Zimbabwe has one of the worst AIDS epidemics in the world. The epidemic has so far left behind an estimated 780,000 AIDS orphans. The orphan crisis first came to national attention in July 1992, when Zimbabwe's Department of Social Welfare co-ordinated a national conference on orphans. It was recognised that compared to institutionalisation community based care was cost-effective and kept children in a familiar social, cultural and ethnic environment and reduced their distress. In 1995, the Government of Zimbabwe developed a national Policy on the Care and Protection of Orphans, which was finally approved by the cabinet in May 1999. The Policy reaffirmed the position that orphans should be placed in institutions only as a last resort.
Farm workers in Zimbabwe are multiethnic. Many are immigrants or the children of immigrants, and many more are Zimbabweans who have moved from their native villages. Families are often isolated from their extended family networks and so children are often left with no one if their parents die. In 1986, the Farm Orphan Support Trust (FOST) of Zimbabwe was set up as a community response to the situation of orphans in commercial farming areas. FOST aims above all to keep sibling orphans together, within a family of the same culture and in a familiar environment. It operates foster schemes on farms, using farm committees to train caregivers, establish monitoring procedures, and raise community awareness. All the farms register orphans individually and send information to a centralised computer bank. This procedure helps with the tracing of relatives.

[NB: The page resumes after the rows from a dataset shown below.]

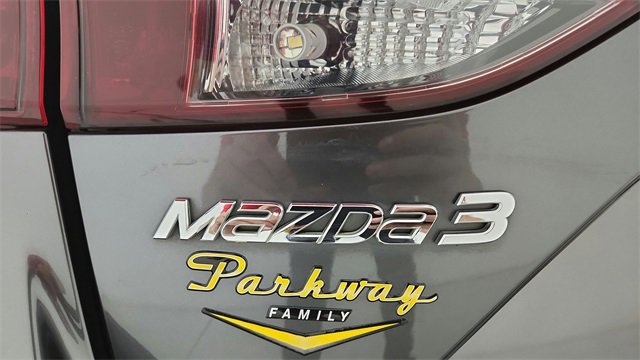 Used 2018 MAZDA MAZDA3 Touring image 13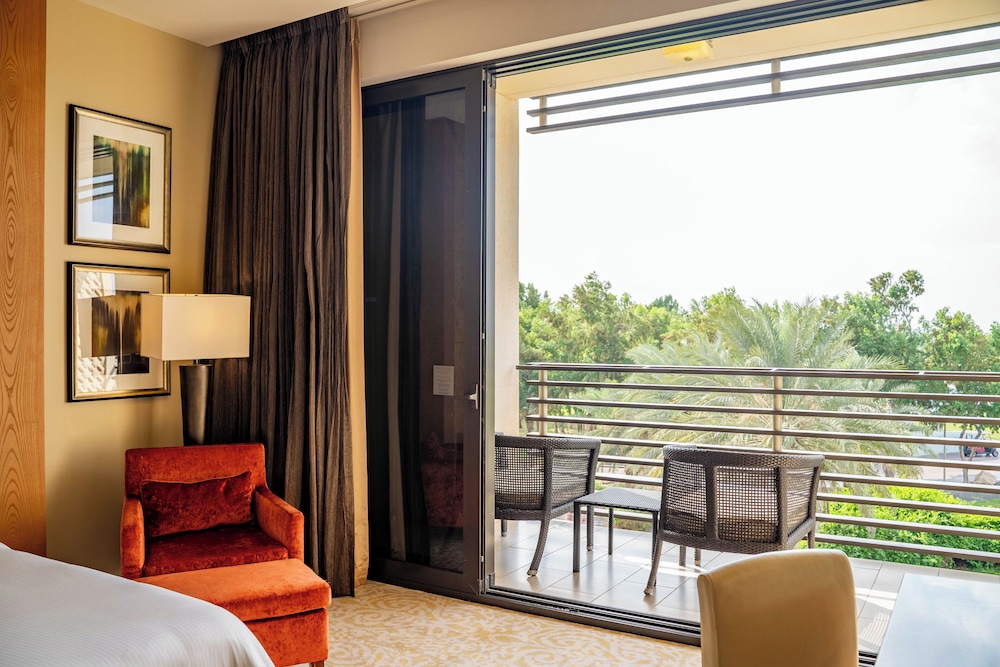VOGO Abu Dhabi Golf Resort & Spa 8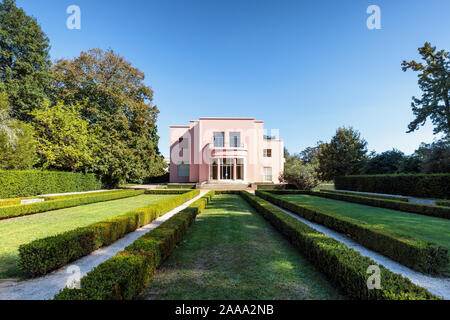 Serralves, ein Museum für moderne Kunst, ein Haus aus dem Jahr 1950 und ein Park voller kleiner Ecken, die es zu erkunden gilt, sind eine der meistbesuchten Attraktionen in Porto. Stockfoto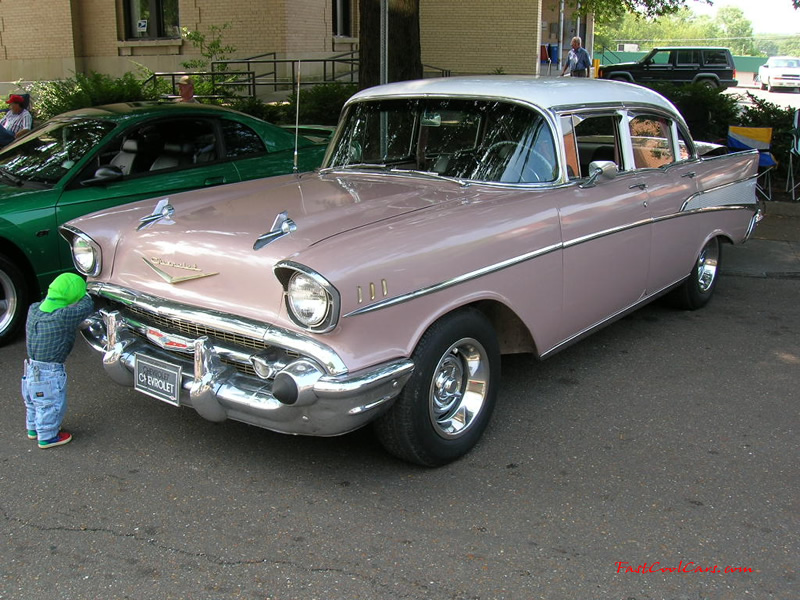 Cleveland, Tennessee Cruise-in August 28, 2005 - Classic Chevy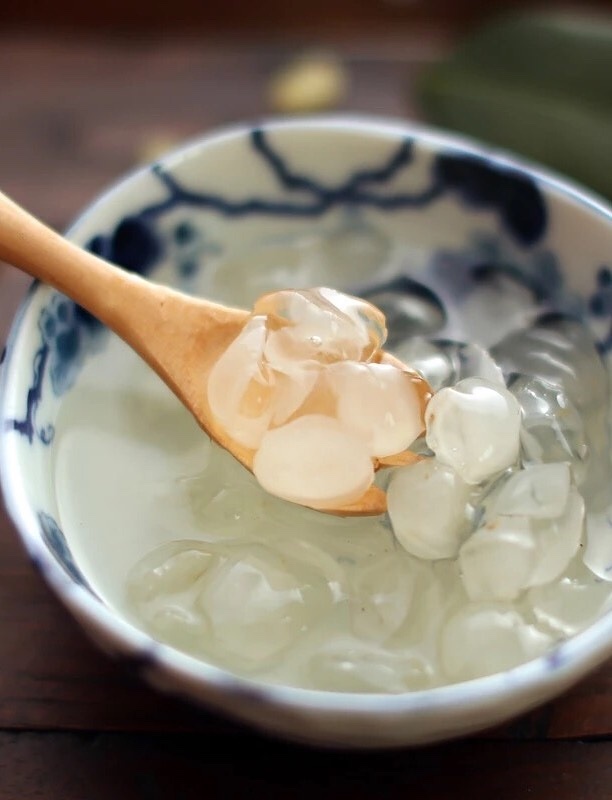 桃胶皂角米炖银耳的做法 步骤3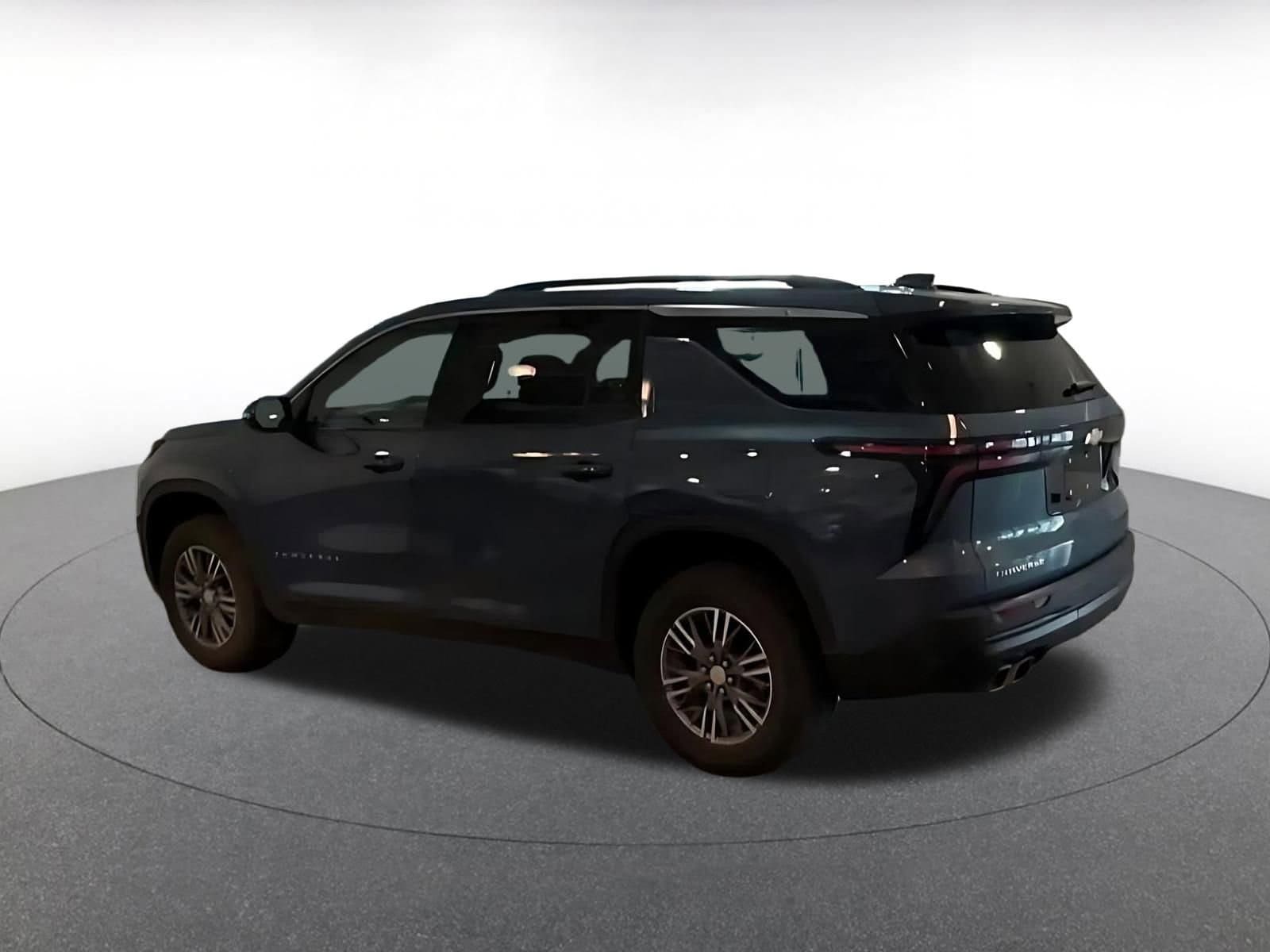 Thumbnail: 2025 Chevrolet Traverse - 14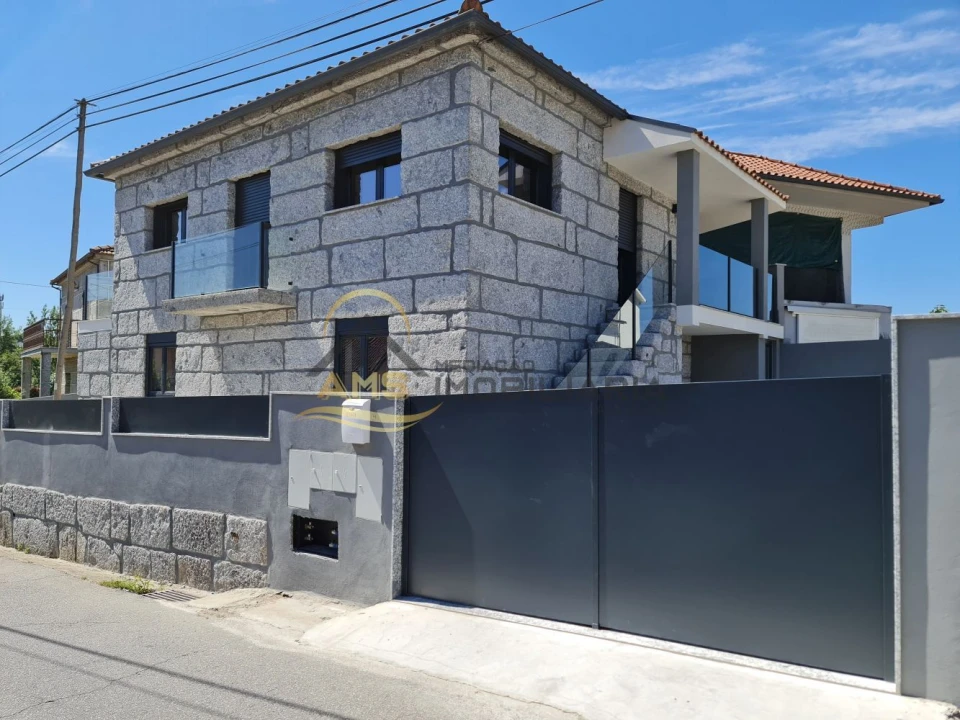 Moradia T3 para Venda em Golães Foto 1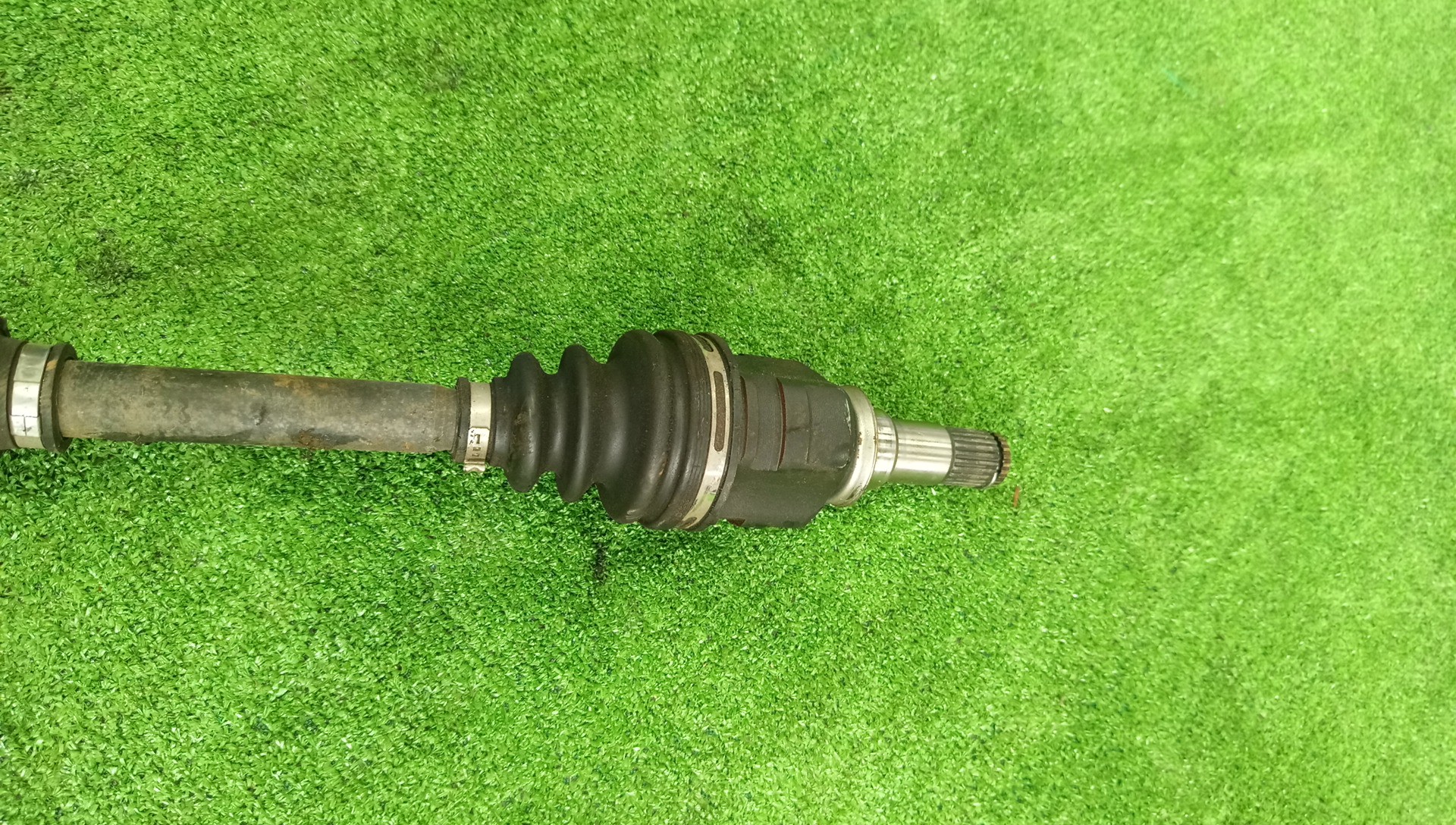 Привод правый передний TOYOTA VITZ, BELTA KSP130, KSP90, KSP92 1KR-FE 3 ракурс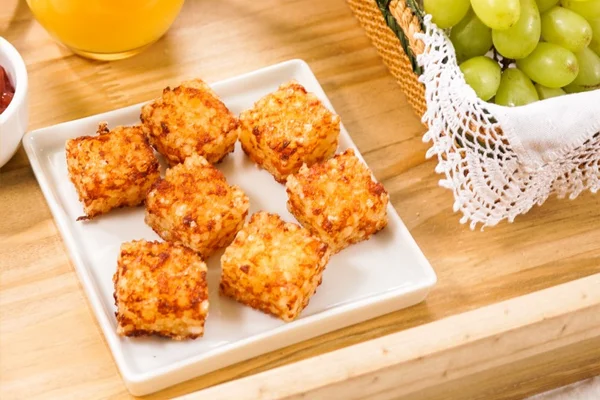 dadinhos de tapioca ao quadrado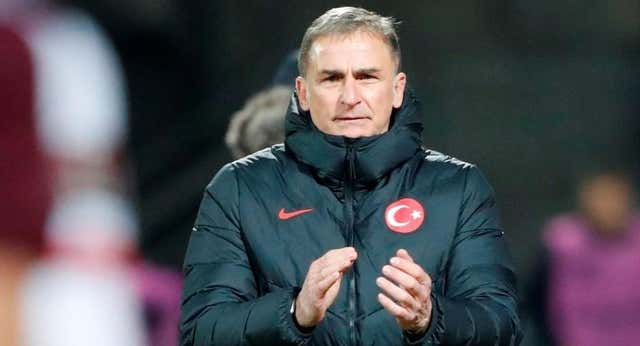 Stefan Kuntz, seleccionador de Turquía, advierte sobre Arda Güler: «Le tratan como a Messi, pero todavía no es Messi»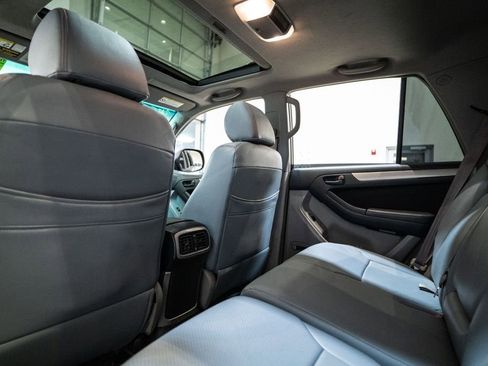 Used 2004 Toyota 4Runner SR5 image 30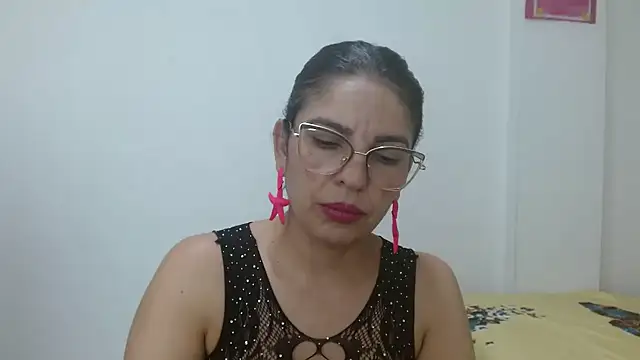 Snapshot of anybellucci43 chatting on 16, 12, 2024 anybellucci43 online show from 16, 12, 2024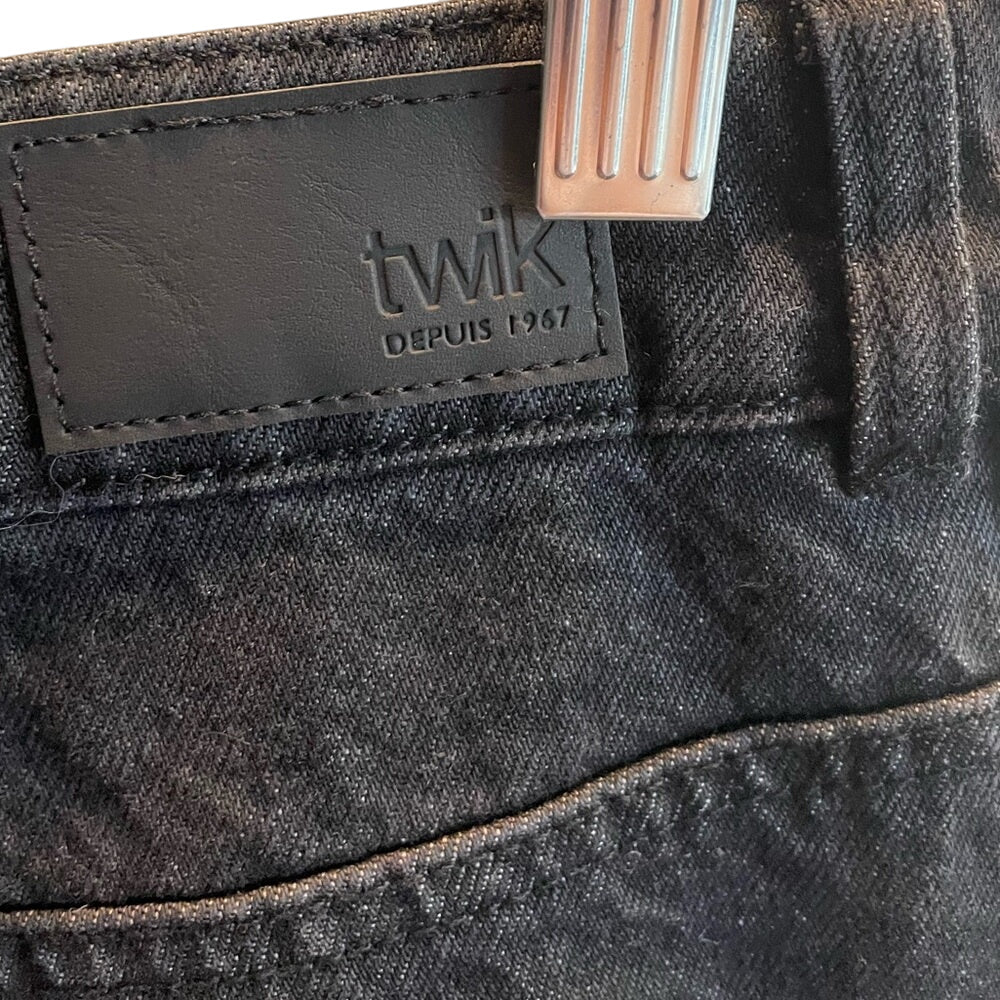 TWIK Old School Vintage Mom Fit Jeans Black Wash Size 30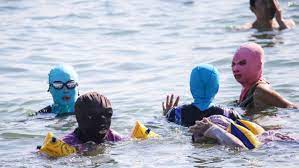 Παράνοια: Ανάρπαστες οι κινέζικες μάσκες για τον καύσωνα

FOST promotes five levels of orphan care. It's preferred care is within the extended family. If that is not possible, orphans are placed within substitute families. The third choice is for small groups of orphans to live together on a farm, looked after by a caregiver employed by the farm for this purpose. The next most preferred type of care is an adolescent child-headed household with siblings remaining together, preferably in the family home. Here they are cared for by the eldest child with regular supervision and support provided by the farm's Child Care Committee, the community and the local field officer. Finally, FOST will arrange for temporary care in an orphanage, until a better solution can be found.
It is very difficult to estimate the number of children orphaned by AIDS each year. Whatever the figures, it is clear that there is an enormous problem. Millions of children have already lost at least one parent to the epidemic, and millions more will do so in the years to come. The need now is to help, care and protect these children and this can be only done with increased financial support and commitment.
* UNAIDS defines as orphans children who before the age of 15 have lost either one or both parents to AIDS in 2002. UNAIDS changed their definition of AIDS orphans from children who before age of 15 have lost either their mother or both parents to AIDS in. However, the new definition still provides a few difficulties. The definition does not distinguish between children who had two parents and who have lost one and still have one parent left to care for them and those who only had one parent who has died or two parents both of whom have died when there is no parent left to care for them. Secondly, the definition excludes the age group of 15 to 17 years olds.